▶ TASK GOAL:
If pictures appear in the lines below, skip them and copy exactly the lines from the one containing "Áder János megnyitotta" through the one containing "Sixth view of", and nothing else.

▶ RECORDS:
== == ==

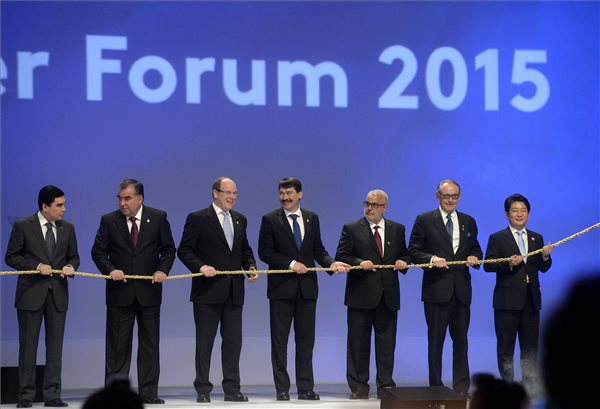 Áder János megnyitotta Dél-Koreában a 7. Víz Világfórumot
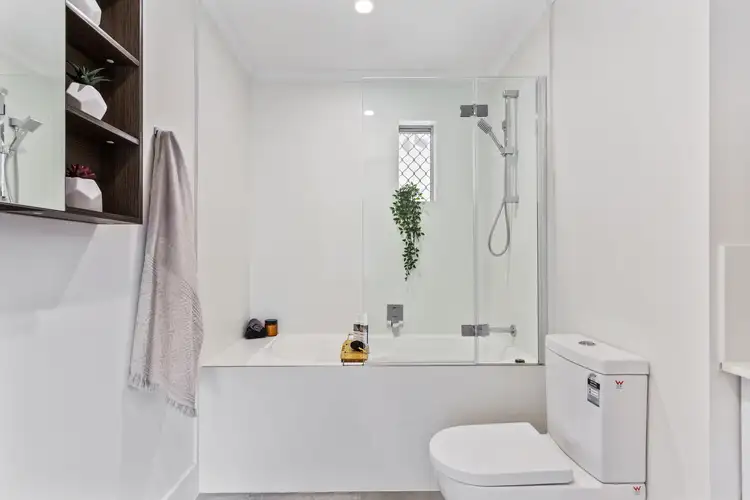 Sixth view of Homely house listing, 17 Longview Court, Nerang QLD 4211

== == ==

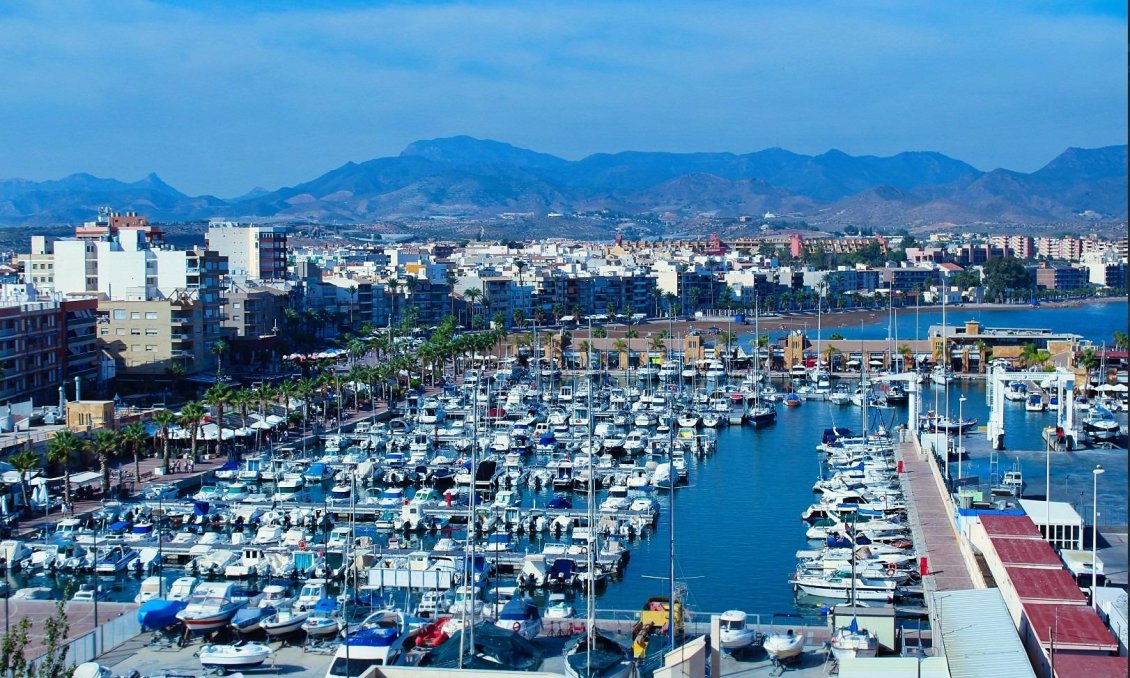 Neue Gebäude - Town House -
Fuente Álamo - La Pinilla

== == ==

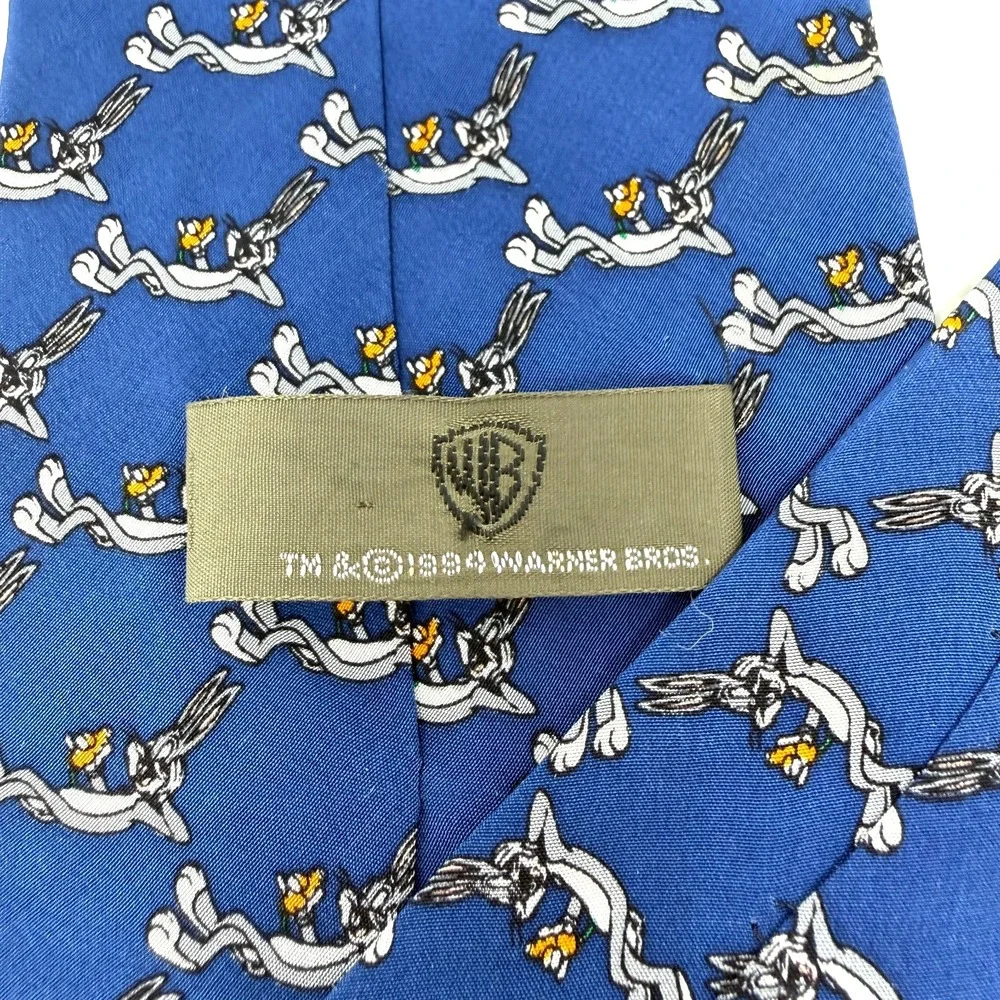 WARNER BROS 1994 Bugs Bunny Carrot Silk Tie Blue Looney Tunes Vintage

== == ==

▶ ANSWER TO THE PROBLEM:
 Áder János megnyitotta Dél-Koreában a 7. Víz Világfórumot
 Sixth view of Homely house listing, 17 Longview Court, Nerang QLD 4211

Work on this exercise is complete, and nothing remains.